● **Your objective**: Beneath this instruction is a listing. Transcribe from it only the stretch from the line with "Idaho Motorcycle Helmet Laws" through the line with "Courbe de la", both end lines included, exactly as written.

● **Extracted records**:

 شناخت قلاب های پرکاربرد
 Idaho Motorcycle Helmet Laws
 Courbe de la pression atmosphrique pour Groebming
---
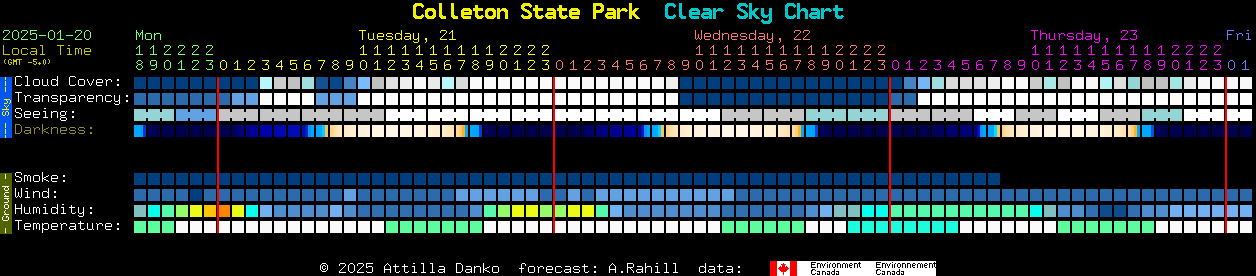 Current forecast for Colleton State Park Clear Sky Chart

● **Expected answer**:
 Idaho Motorcycle Helmet Laws
 Courbe de la pression atmosphrique pour Groebming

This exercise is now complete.